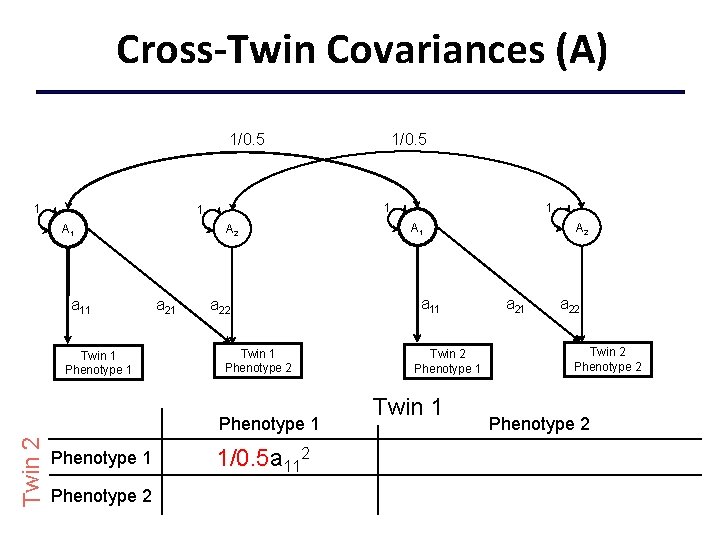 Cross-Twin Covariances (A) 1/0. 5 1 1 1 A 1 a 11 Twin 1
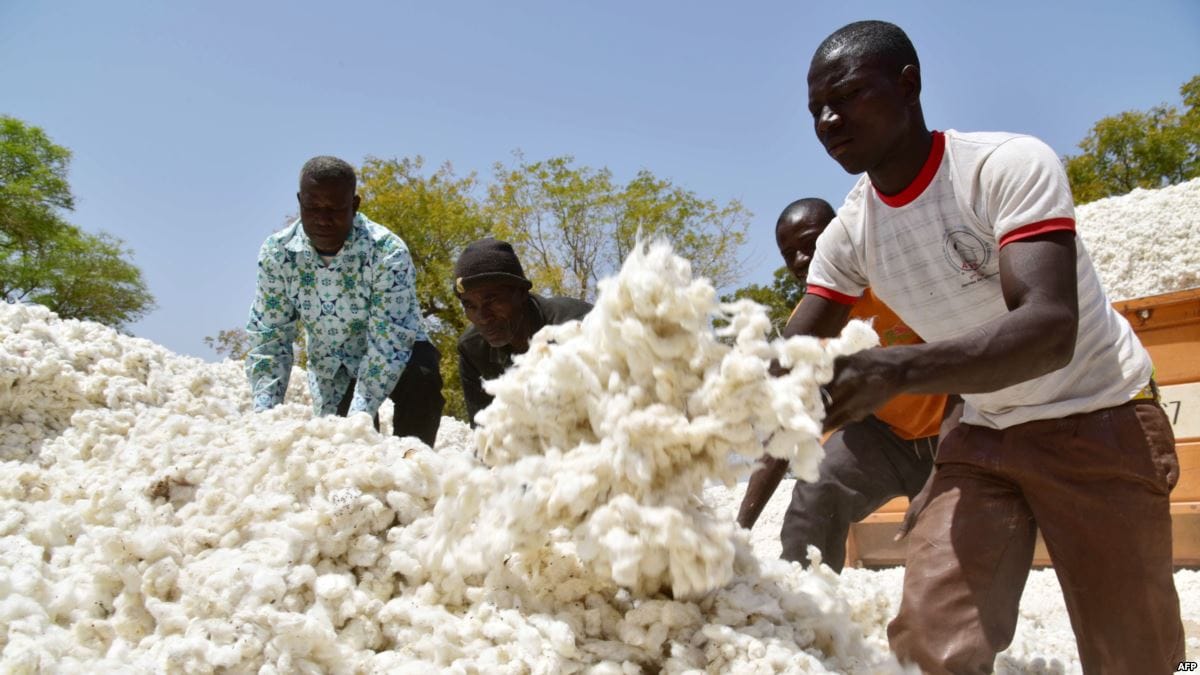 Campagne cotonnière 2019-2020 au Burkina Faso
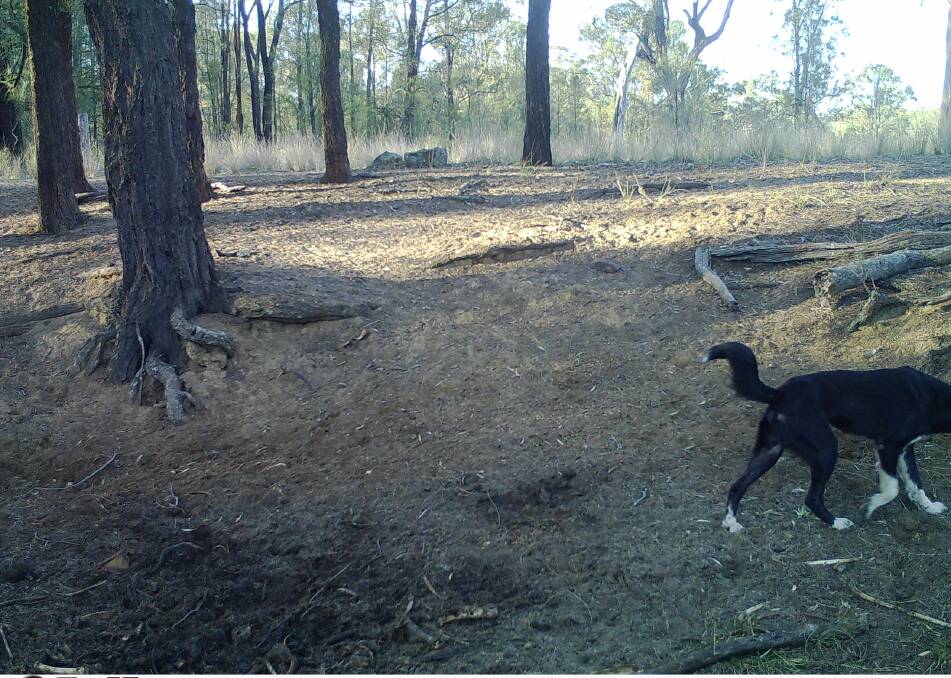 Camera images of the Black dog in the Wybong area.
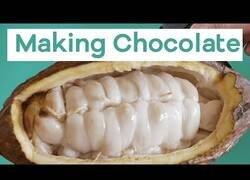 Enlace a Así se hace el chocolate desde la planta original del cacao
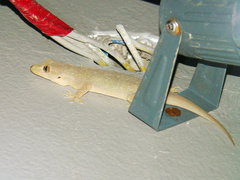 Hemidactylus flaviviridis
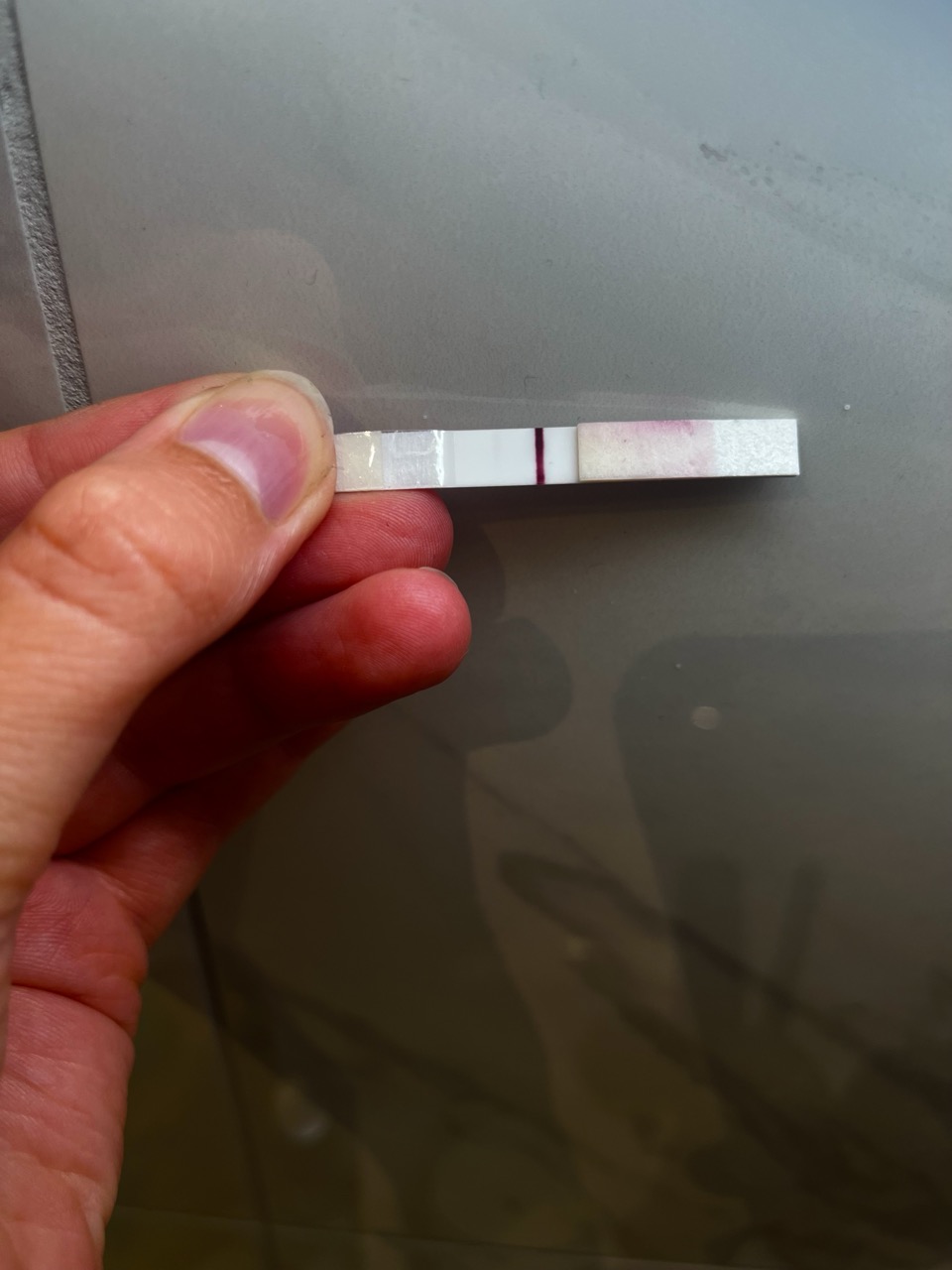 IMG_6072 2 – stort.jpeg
□ □ □ □
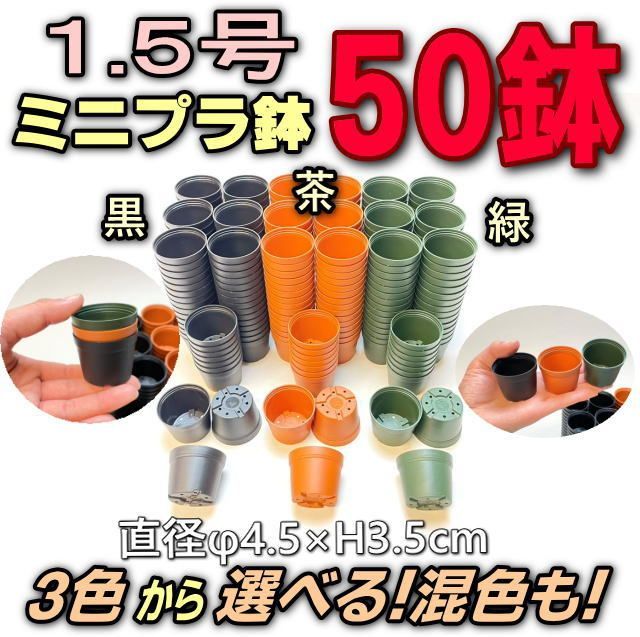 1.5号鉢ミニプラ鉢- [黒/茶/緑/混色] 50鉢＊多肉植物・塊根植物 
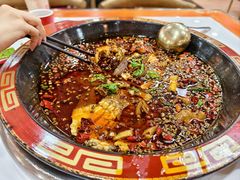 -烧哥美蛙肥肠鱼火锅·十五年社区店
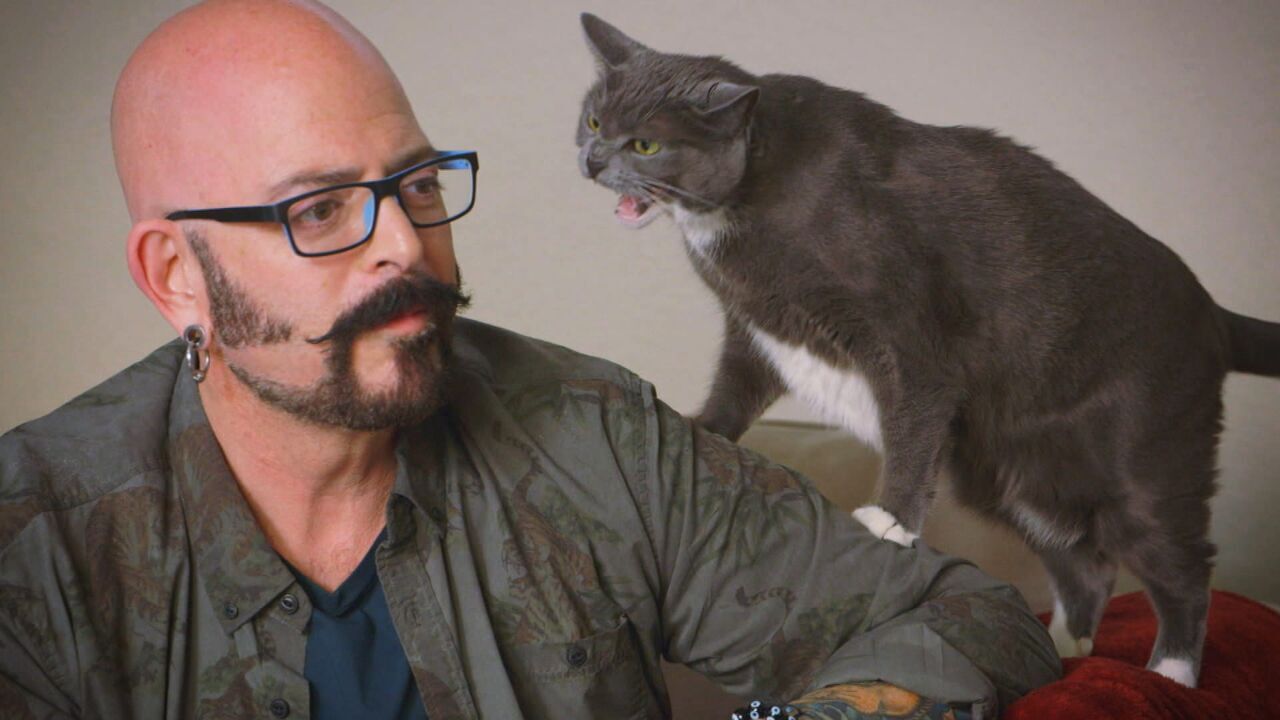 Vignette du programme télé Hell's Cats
□ □ □ □
▸ WHAT IS EXPECTED:
Go back to the listing above and write out the lines starting at the one with "Hemidactylus flaviviridis" and ending at the one with "IMG_6072 2 – stort.jpeg", inclusive, exactly and without pictures.

▸ WRITTEN SOLUTION:
 Hemidactylus flaviviridis
 IMG_6072 2 – stort.jpeg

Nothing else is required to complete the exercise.